The list of special-interest laws and regulations is still growing, despite howls from economists that they are serious contributors to double-digit inflation. Last week, for example, the Civil Aeronautics Board approved guidelines that would put a floor under fares charged by charter airlines on flights to Europe. Its action sets the stage for a possible 35% rate rise by 1975. A bill that is now in Senate-House conference and is expected to speed to the White House shortly would require that almost one-third of all oil imported into the U.S. be brought in aboard American-made ships, rather than lower-cost foreign vessels. The measure surely would cause the price of landed foreign oil to shoot still higher; whether President Ford vetoes it will provide a test of how much political flak he is willing to brave in order to keep living costs down.
Still, pressures are mounting as never before for a broad-scale attack on all the regulatory and legislative rigidities that grant unions and industries favors at consumers' expense.
In presenting his economic program to Congress, President Ford urged creation of a National Commission on Regulatory Reform to undertake a "long-overdue and total reexamination" of regulatory agencies.

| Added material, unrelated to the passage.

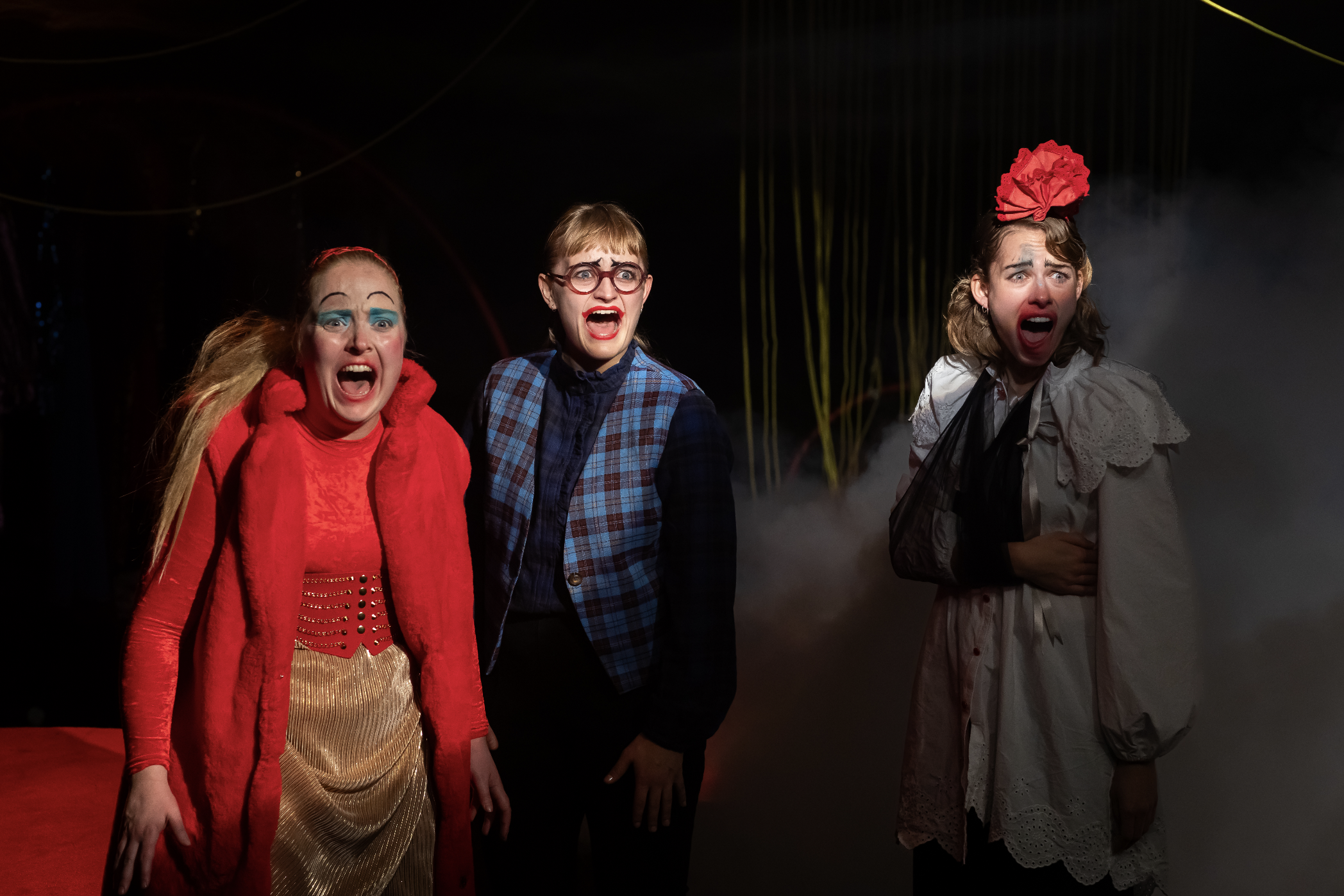 Circusnachten BLOND & CYNISCH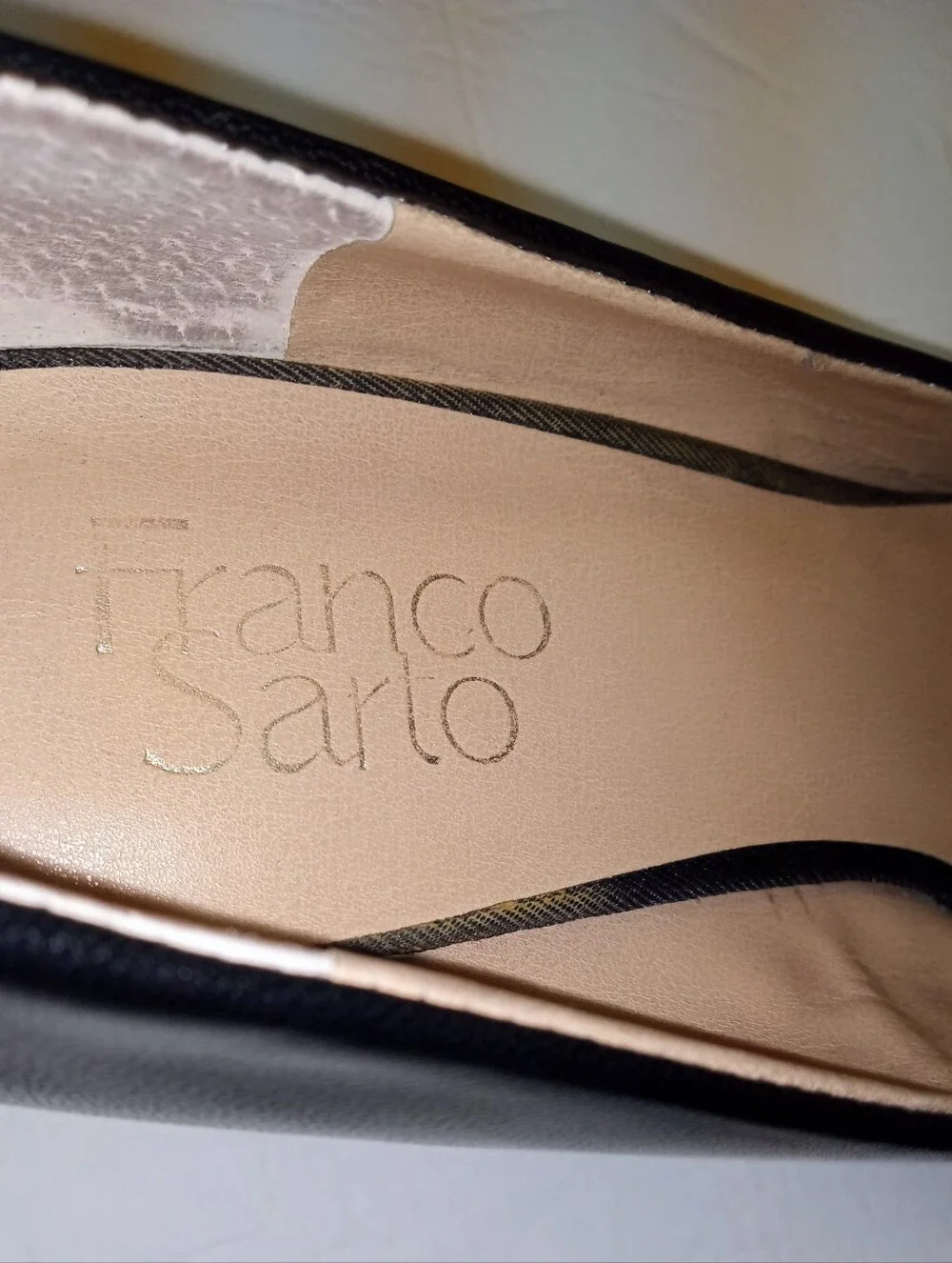 Franco Sarto Shoes 8 1/2 - Picture 5 of 5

The commission would identify federal rules and regulations that increase costs to consumers and work to get them dropped. Even some regulators are pressing for change, violating Washington's unwritten rule that no regulatory agency speaks out against another. In a recent Detroit speech, Federal Trade Commission Chairman Lewis A. Engman lashed out at most regulatory agencies, particularly the Interstate Commerce Commission and the Civil Aeronautics Board. He said that their practices raise prices and shelter producers from the competitive consequences of "lassitude and inefficiency" (TIME Essay, Oct. 21).